Esto exige descubrir la vocación matrimonial y la espiritualidad conyugal, vivir la vocación cristiana de madre o padre, descubrir el valor cristiano del trabajo y la profesión secular, la importancia de la transformación de la sociedad, el valor cristiano del ocio y del tiempo libre...
El laico cristiano ha de tener muy claro que está llamado a ser testigo, apóstol, militante, agente transformador. Esto es ser «practicante». Habría que ampliar el contenido de practicante más allá de la participación en la Eucaristía dominical y hacer que abarque la praxis, el comportamiento en la vida y en la sociedad.

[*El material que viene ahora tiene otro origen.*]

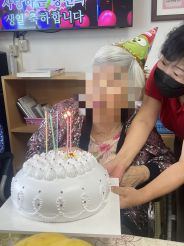 효사랑 2026.09.02. 9월 ...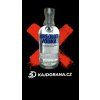 Absolut Vodka 0,7l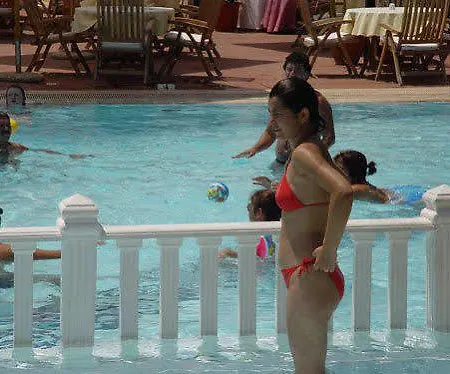 Otel (adults Only) 4*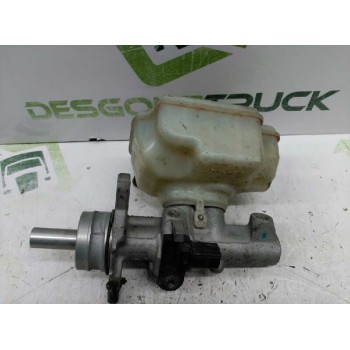 Recambio de bomba freno para seat altea (5p1) green referencia OEM IAM 0204Y24052 BOSCH 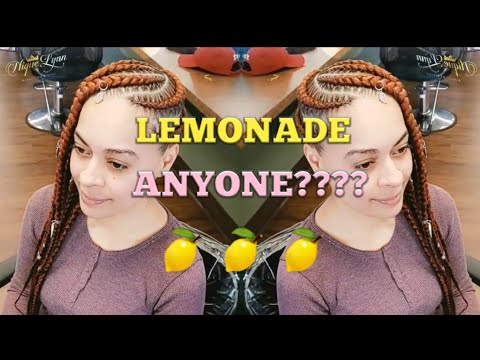 jumbo-lemonade-stitch-braids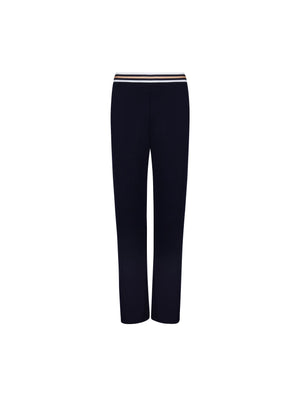 Lise Charmel Swimwear - Energie Nautique Trousers Encre Nautique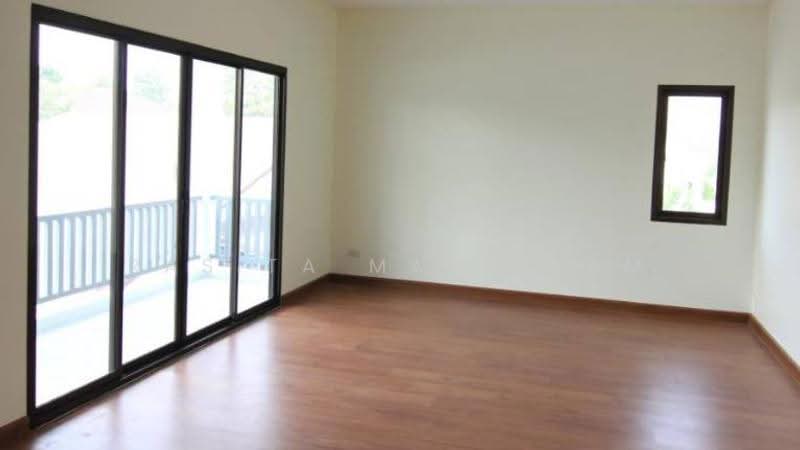 undefined, กรุงเทพ, บางไผ่, บางแค, กรุงเทพ, 281 ตร.ม., บ้านเดี่ยว ขาย, โดย Rasita Maneelam, 500562715 - DDproperty.com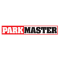 Компания PARKMASTER работает с марта 2010 года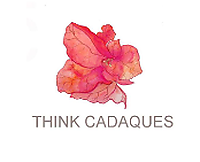 Think Cadaques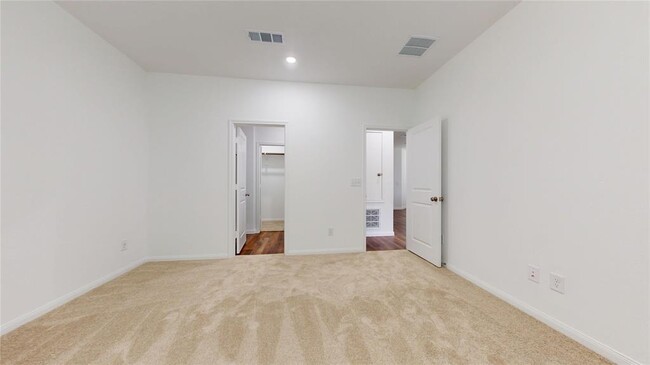 Building Photo - 23511 Autumn Harvester Dr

5. Enraizado en la Palabra de Dios y en la Eucaristía

La vida del laico se alimenta en dos fuentes: la Palabra de Dios y la Eucaristía dominical.
Es de gran importancia la lectura personal habitual, a solas o en grupo, el contacto frecuente con el Evangelio (aprendizaje, práctica, método, en grupo, en pareja ... ). Y, junto a todo ello, la Eucaristía dominical participada de manera gozosa, activa, consciente, comulgando con Cristo y con la comunidad, alimentando la propia fe y la vocación cristiana.
Sólo así se puede luego leer el. libro de la vida, escuchar a Dios en los acontecimientos, ver a Cristo en los pobres, hacer una lectura creyente de la realidad, comulgar con hombres y mujeres, crecer en el servicio al Reino de Dios.


6. Radicalidad evangélica

La espiritualidad del laico no es menos exigente que otras formas de vida, pues está marcada por la radicalidad evangélica del seguimiento. Es falsa aquella división clásica que separaba a los cristianos en dos sectores: el sector llamado a una vida de perfección en la consagración de los tres votos (pobreza, castidad y obediencia), y la mayoría de los cristianos, llamados solamente al cumplimiento de los mandamientos de Dios: cristianos de segunda categoría.
Todos estamos llamados a seguir a Cristo según el espíritu de las bienaventuranzas, todos hemos de vivir con el corazón entregado a Dios como único Señor, todos hemos de usar los bienes materiales desde y para el amor, todos hemos de buscar la obediencia a la voluntad del Padre. No hay estados más o menos perfectos, sino formas diversas de escuchar y vivir la llamada al seguimiento.
Lo que sí hemos de destacar es algunas virtudes y actitudes que reclaman hoy un cuidado más especial en el mundo actual de competitividad, consumo, apariencia, agresividad... Así, la misericordia, la honradez, la libertad personal, el desprendimiento, la lucha incansable por la justicia, la cercanía y solidaridad con los más necesitados, el perdón y la actitud de reconciliación, la esperanza.


7. La formación

No es posible un crecimiento responsable del laicado si no se cuida y promueve debidamente su formación. Sólo con una formación y capacitación adecuadas, podrán los laicos, educados desde otras claves y otra sensibilidad, adquirir personalidad, seguridad e iniciativa dentro del Pueblo de Dios.
Es importante promover medios, jornadas, procesos que ayuden a descubrir la personalidad cristiana laical y su misión en la Iglesia y en el mundo. Junto a esto, es necesaria la capacitación especializada para cada campo pastoral o ámbito secular.
No hemos de esperar a la actuación de los presbíteros o de la jerarquía. Son los mismos laicos y laicas quienes han de tomar la iniciativa para pedir, promover y poner en marcha los instrumentos y servicios necesarios.